Of course, I've been through this process twice before so I should know what to expect, shouldn't I? If only I did! Every child is different, and they have all challenged me in different ways. I never know what to expect and I certainly haven't got all the answers. Every single day I need to adapt and learn about my children and how to deal with their behaviour . Sometimes I get it right, but I suspect that it's down to more luck than judgement.
My children constantly test me in every way imaginable. I left school quite a few years ago and thought I'd left all the exams behind me. Oh no. Not with my boys. I get spelling tests, maths tests and English language tests. Then they'll move on to religious studies, history, geography..... The list goes on. I really wish I'd concentrated more in school.
But the biggest test of all is the parenting one.
Some things were easy to pick up. How to feed a baby, change their nappy, hold them properly. I can manage all that. In fact, anything to do with a tiny little baby I can deal with. It's when they become independent little beings trying to assert their independence that I start searching for that manual that all babies should come with.
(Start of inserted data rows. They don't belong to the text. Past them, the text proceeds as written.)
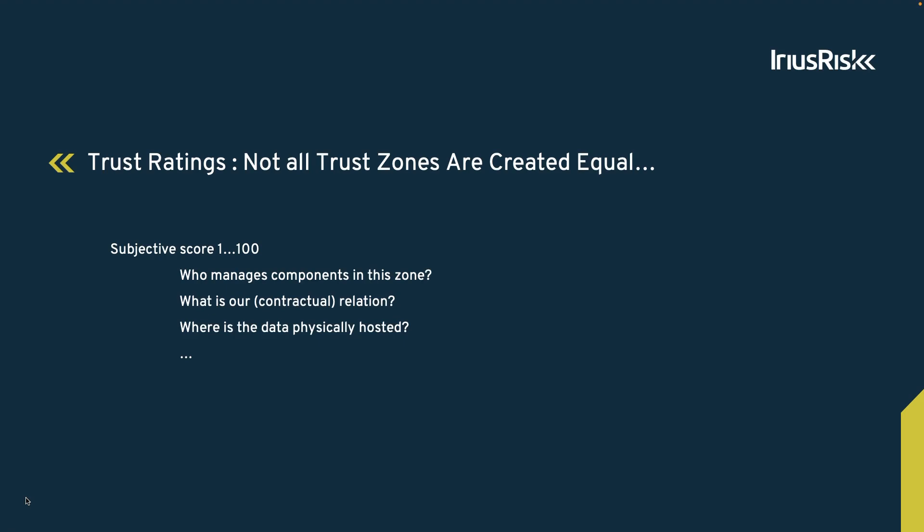It will be lower if it's managed by people we don't know, and it increases with the level of trust that we have in them. Contracts that are in place, or the location of the physical servers, may also impact this level of trust.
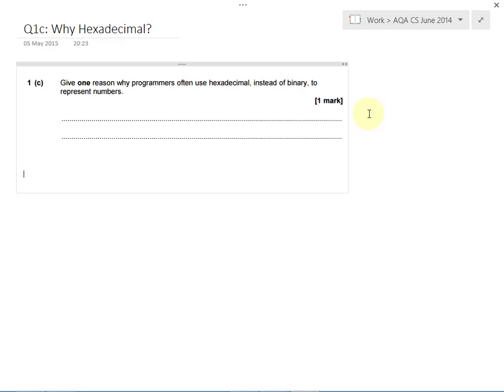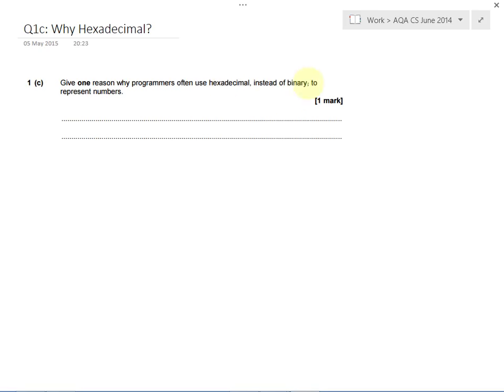In this question we have to understand the difference between hexadecimal and binary and explain why sometimes hexadecimal is used instead of binary.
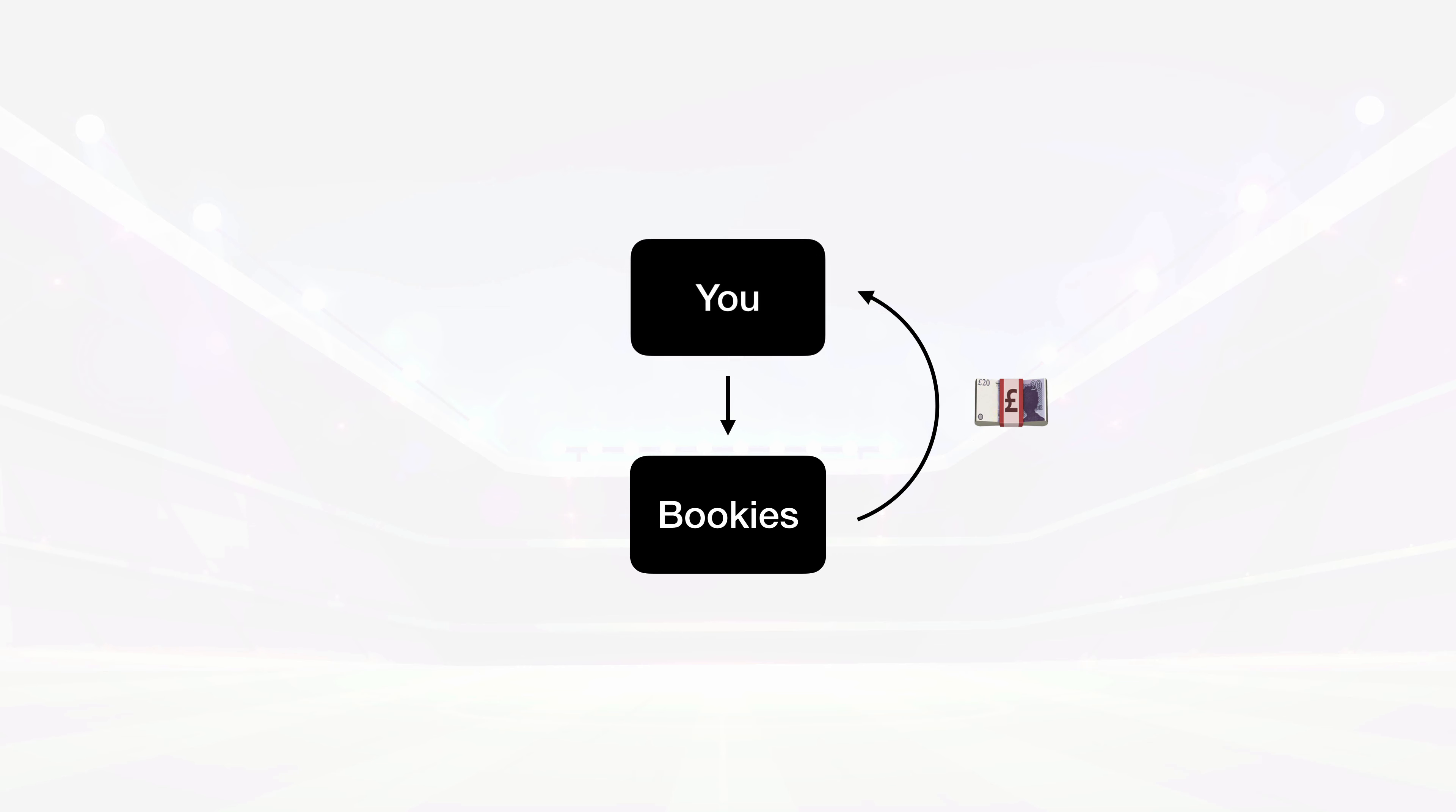but since I'm only one dude with one set of accounts at each bookie, my earning potential's capped, right? There's only so many times I can rinse and repeat the same bets before the bookies get suspicious and shut me down.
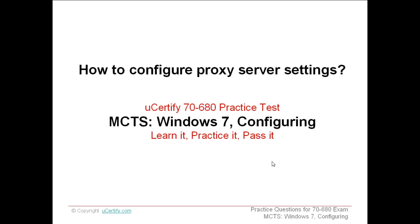Before knowing how to configure the proxy server settings, first of all, let me give you a brief idea as to what is the proxy server. In computer networks, a proxy server is a server that acts as an intermediary for requests from the client seeking resources from other services.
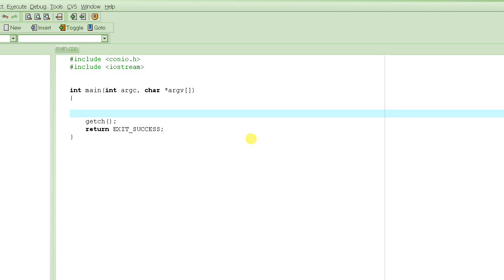Welcome to C programming tutorials. In today's tutorial we are going to learn about function arguments — how to define the arguments of a function and how to pass values to a function.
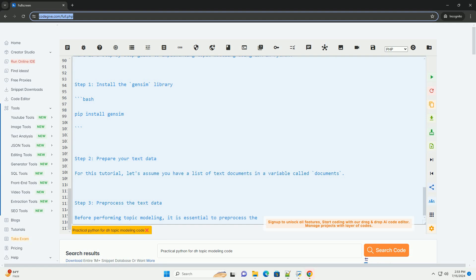In the code example above, we created an LDA model with 5 topics and trained it on the corpus. We then printed out the top words for each topic. By following these steps, you can perform topic modeling on your text data using Python and the Gensim library.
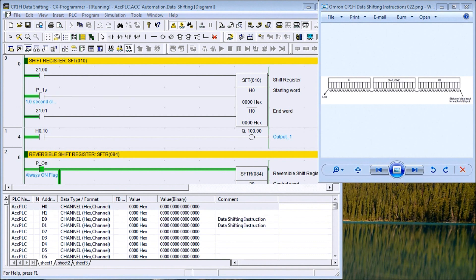Hi everyone. Today we're going to be talking about data shifting instructions in the Omron CP1H PLC. There are several instructions, so we're going to split this up into a couple different parts. We'll discuss about 12 of the shifting instructions, and in the next part we'll discuss another 12.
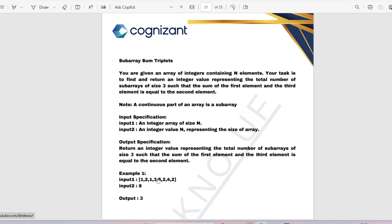The sample input array is [1, 2, 1, 3, 5, 2, 4, 2] and n is 8. The sub-arrays of size 3 are: [1,2,1], [2,1,3], [1,3,5], [3,5,2], [5,2,4], [2,4,2]. We check whether the first element plus the third element equals the second element in each of these.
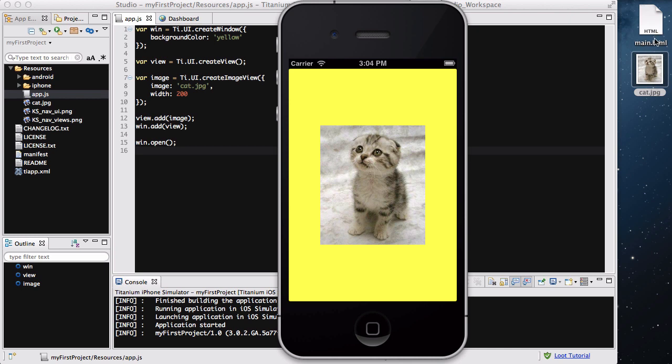I just googled cat in Google Images and came up with this. We changed the width of it, which automatically changed the height so that it's adjusted to scale, so the cat's not tall and skinny or short and fat.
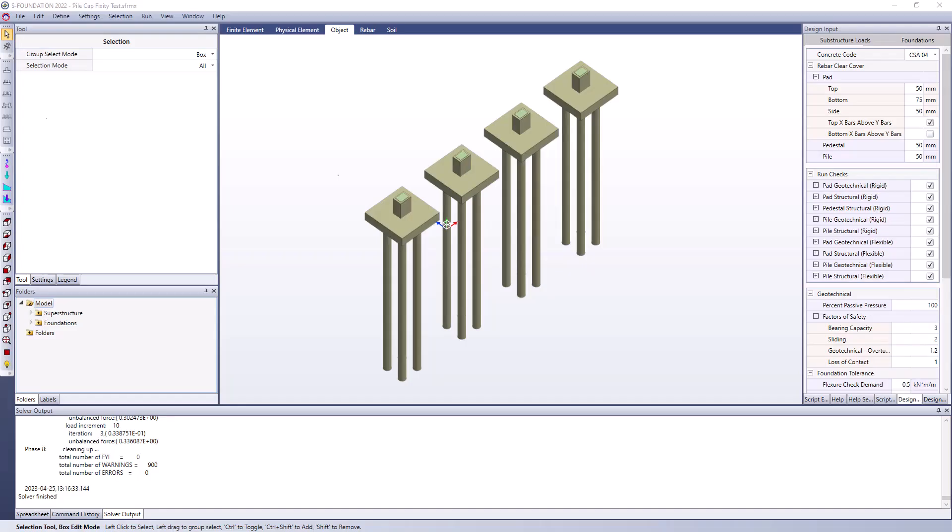Hello everyone, welcome to this video where we're going to be talking about how we can configure the pile head fixity in a pile cap using S-Foundation.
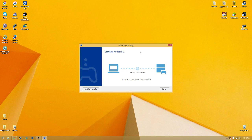Next, it will be a few minutes before it finds the PS4. Once it connects, you'll be able to play your PlayStation games from your PS4 to your computer.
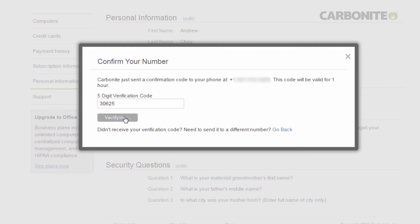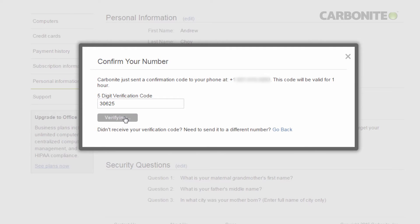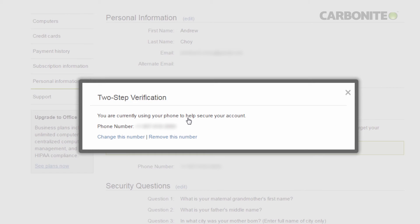This phone number will now be registered for two-step verification. If you want to change the registered number to a different number, click Change This Number. To remove the security number, simply click Remove This Number.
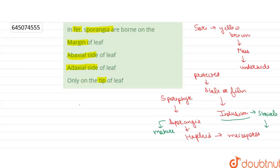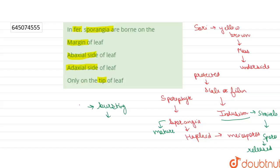So the spores are released by the bursting of sporangia.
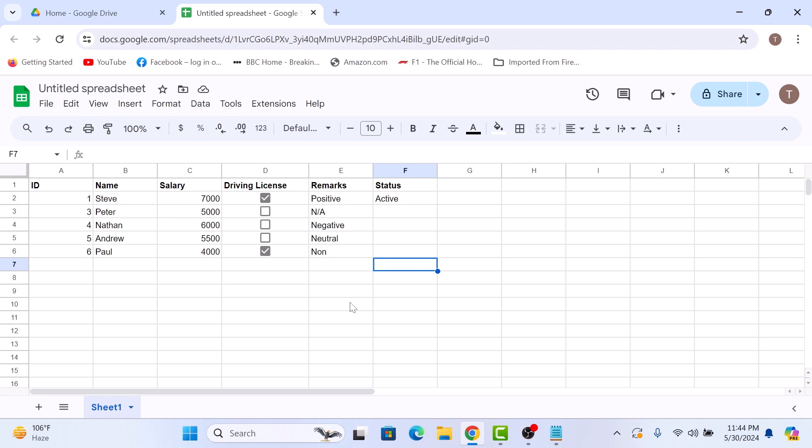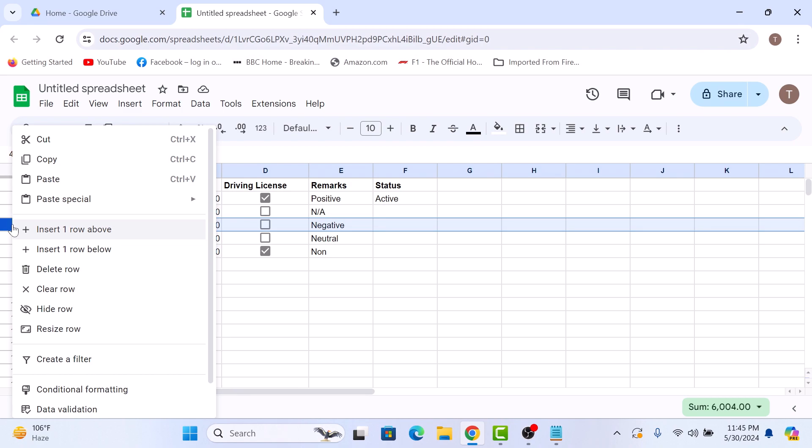To increase or decrease the size of cell vertically, right-click on the row number which you want to resize. So we are going to select this 4, right-click on it, and select Resize Row from the menu.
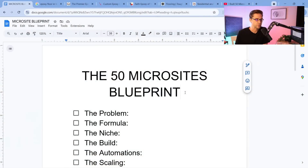I built 50 microsites, and I'm going to teach you in this video how to do it yourself. So here's the 50 microsites blueprint.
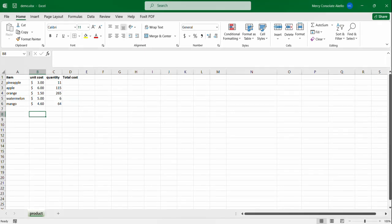Hello friends and welcome to this video as we look at functions in Excel. In this video I'll be showing you how to use the product function. My name is Masi Consolita Kela, let's get started.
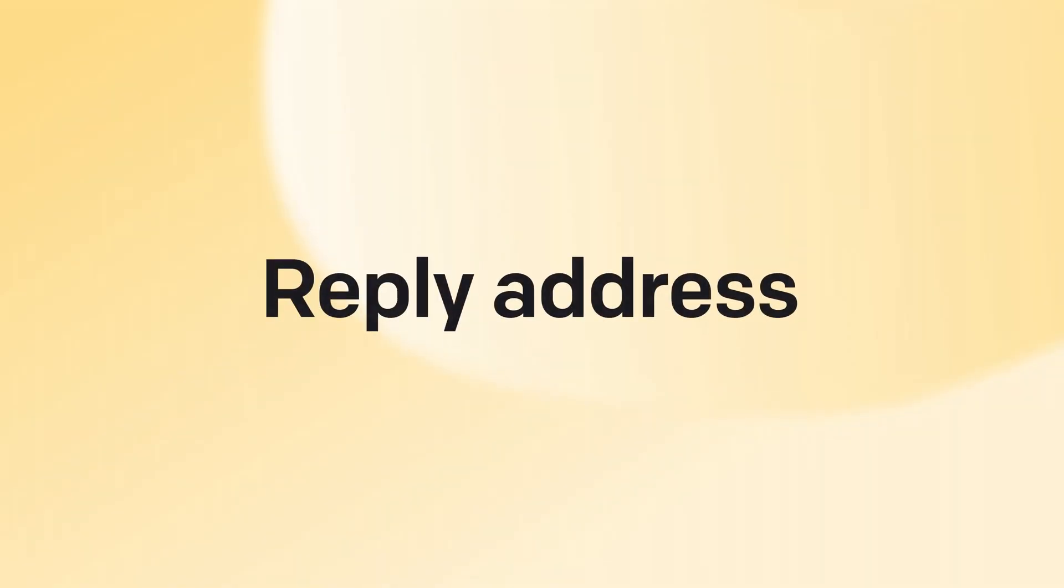Reply address. I also want to quickly mention the reply address, which is the name and email address that customers will actually see when you reply to their tickets. Now you can add it directly in help desk. Let me quickly show you.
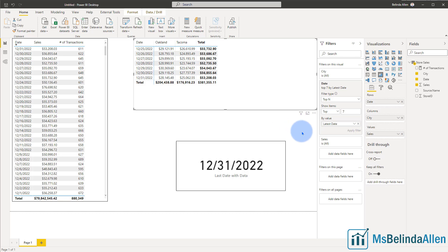It's just that simple. No DAX needed, no special M code needed. Just use the filters that are out there. Hope this helps.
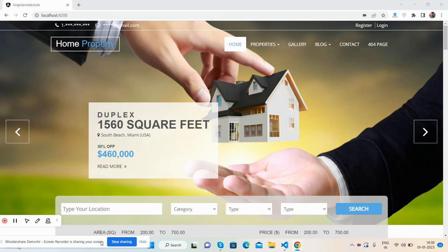Hello friends, happy new year to all! I came with a beautiful real estate template in Angular 15.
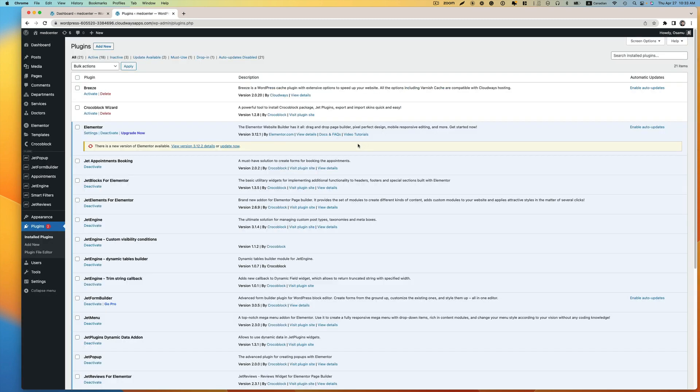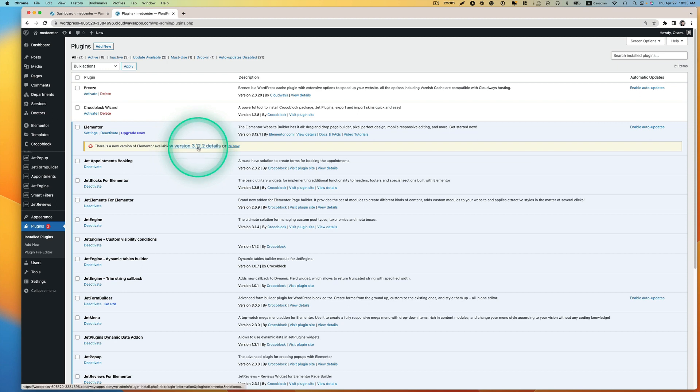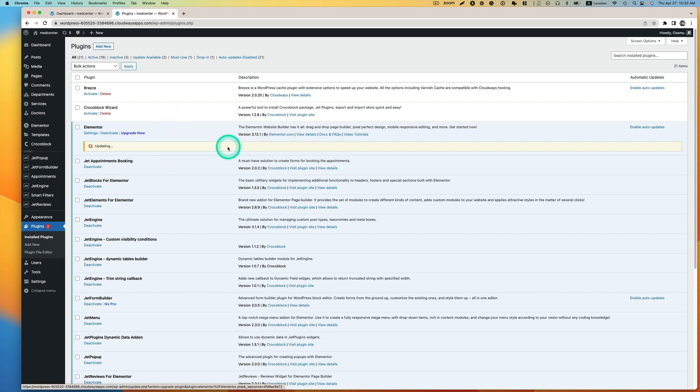Now let's try. I was told update Elementor. So I'm using the version 3.12.1, so now the latest one is 3.12.2. So let's hit update.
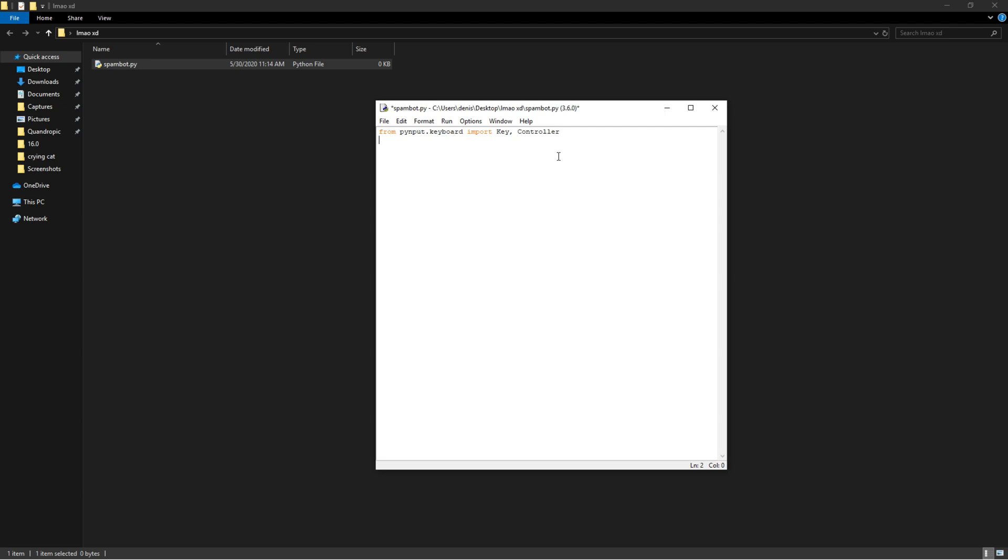Alright, so then import time so we can add delay. Then we're going to set a variable called message and we're going to set it equal to be a string of whatever your message is. This could be anything - it could be one word, it could be a bunch of letters - but we're just going to type out spam three times.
I remember my oldest having his first ever toddler tantrum at the age of 15 months. He wanted a Postman Pat van in a shop in Centre Parc and I told him that he would have to wait. He lay face down on the floor and started screaming at the top of his lungs. I felt like everything was moving in slow motion except for the thoughts racing through my sleep deprived, pregnancy (35 weeks with number 2) addled brain. I felt like everyone had stopped and was watching and waiting to see how I would react. Would I give in? Would I ignore him? What should I do? It was my First Big Test.
I didn't give in. I picked him up and took him out of the shop. I also quickly learned not to care about what others think. There were plenty more of those tantrums to come.
So back to my youngest. I think I can safely say that in the last two weeks he has entered that unknown territory called the Terrible Twos. He shouts, he pouts, he demands. He too lies face down on the floor in a fit of temper if he doesn't get his own way.
He has gone from this......
in what seems like a very short space of time. Luckily there's lots of this in between........
I don't think that it matters how many children you have; it never seems to get any easier. In fact, as my children get older, their behaviour becomes more complex, and more difficult to manage. I reflect on everything I've done with them and analyse my parenting skills (or lack thereof), to see if I could have done something differently. Why is my oldest so cheeky? Why does my middle boy still have temper tantrums? Can I avoid this with my youngest?
The only answer I can ever come up with is that they will be what they will be. I made them all (with a little bit of help from hubby of course), I am raising them all in the same way, but they are each unique little people. They are growing into their personalities and they fascinate me as I watch how they learn and develop. For better or worse, I love them for who they are.
But if someone ever finds that manual, please pass it on!